Insight - a custom business intelligence platform that discovers new and existing technologies as they progress through the market. Insight serves as an end-to-end solution for market discovery, quantitative analysis, predictive modeling, and expansion tracking.
What it does
Technology evolves rapidly. While many are struggling to keep up, others are looking for high yield investments in a fast-paced and dynamic market. We built Insight to not only identify promising new technologies, but also to filter and classify those that show the highest likelihood of being commercially successful in the future.
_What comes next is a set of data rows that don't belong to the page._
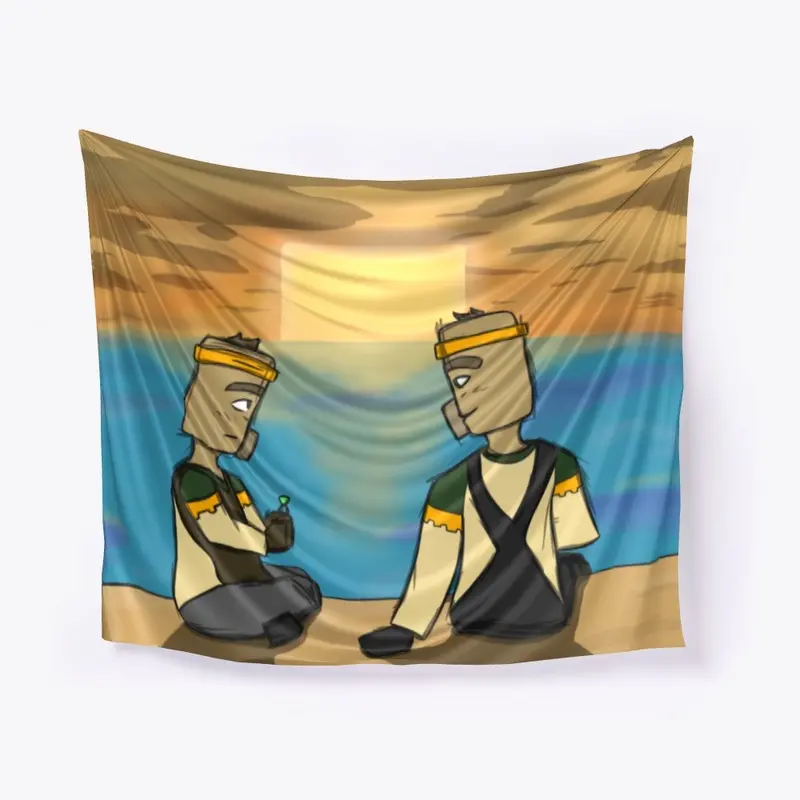 Stephan and Damien Tapestry 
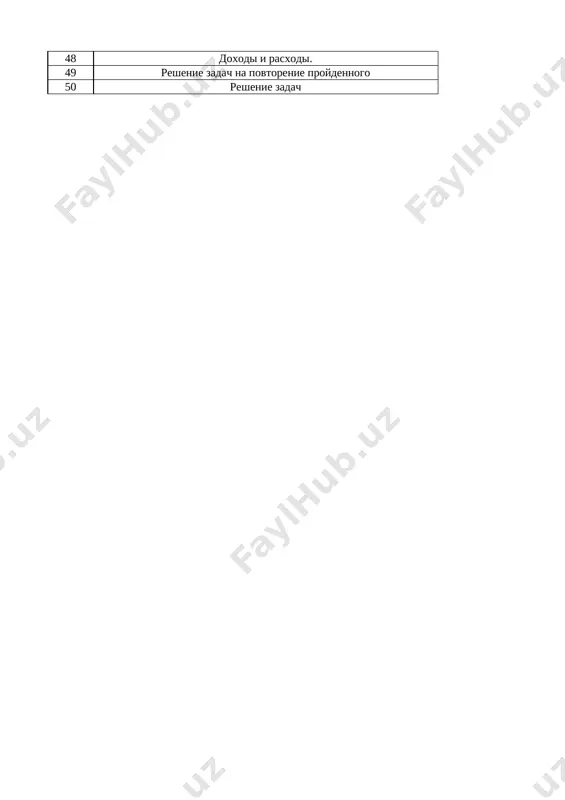 sel do razryadov edinits 872-873-upr 46 vichislenie primernogo znacheniya virajeniya 880-882-upr 47 vedenie domashnego xozyaystva i matematika 886-887-upr 48 doxodi i rasxodi. test 176-sahifa 49 reshenie zadach na povtorenie proydennogo povtorenie 50 reshenie zadach povtorenie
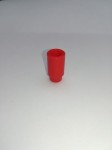 Ustnik silikonowy 510 jednorazowy, czerwony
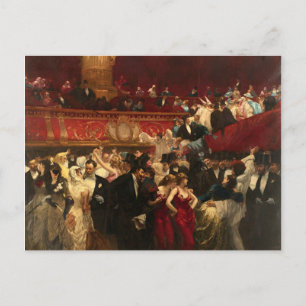 Maskenball - Hermans Postkarte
The platform consists of a data ingestion engine, an analytics and prediction layer, and a data visualization layer. For the ingestion engine , we dynamically and programmatically crawl and retrieve data from sites such as The New York Times, The Guardian, Google News, NASDAQ, Crunchbase, CBInsights, and Twitter for news, finance, and social media data to ensure a holistic and comprehensive model. We pass the information through different machine learning and mathematical models to grab sentiment for text articles and obtain the structure of the domain space. We then compute a singular “commercial relevancy score” along with time-series tracking of our factors as a powerful heuristic metric indicative of future growth. This data is aggregated and displayed on our dashboard.
Our goal with Insight was to generate actionable insights at all stages of the technology pipeline, from idea conception to long term maturity. The platform in its current state already allows us to create a watchlist for infant technologies that show potential in the future and then track these technologies through the early investment stages.
How we built it
In order to keep track of new and existing technologies, the first step was to gather data from various sources surrounding these technologies. These include news, social media, information about startups, and whether or not large corporations adopt a certain technology. We gathered data around a these specific areas for the industry space surrounding artificial intelligence in order to create a model to track their growth.
We used data around news and social media to see how much these topics were being talked about as well as the general sentiment of the public in order to get an idea of the demand of the market for certain technologies. Keeping this in mind, we additionally looked at startups using these technologies to ensure that the technology was not based solely around hype, and actually show commercial viability and business value. By taking the union of these two different data streams we were able to build a more robust model that took into account abstract features related to social opinion and public discourse as well as concrete financial data related to investment, adoption, and market share.
We trained our model using the data we gathered in order to assign weights to the features of our model. Our model assigns a commercial relevancy score based on the various features (gathered from sources we listed above), such that after training, we can validate against a new technology and get its estimated commercial relevancy score.
To ensure that our model is correct, we decided to test it against a few technologies that are currently trending and are attracting a lot of investment. The two we choose were cryptocurrencies and blockchain. Our system returned a relevancy score of 40.13 for blockchain and 14.0 for cryptocurrencies. Although both had many articles written about them we believe the score discrepancy was due to the perceived positive benefits that the blockchain could bring to companies -- and the investments from large companies like GS and GOOGL into blockchain technology. This is a great example of the hidden structure of the large set of data we were able to acquire.
Challenges we ran into
Because the problem was very open ended, we took a while to hone a direction and prioritize our development efforts for this hackathon. In the end, we decided to reduce our search scope to widely available news, finance, and social media sources.
Accomplishments that we're proud of
The time constraints severely limited the reach we originally wanted to have for the project but in the end, we were still able to link together quite a few data sources to generate a fairly robust model.
What's next for Insight
More API Integrations Dynamic Weight Effectiveness Tuning Realtime Updating arXiv as Source (we already have the data)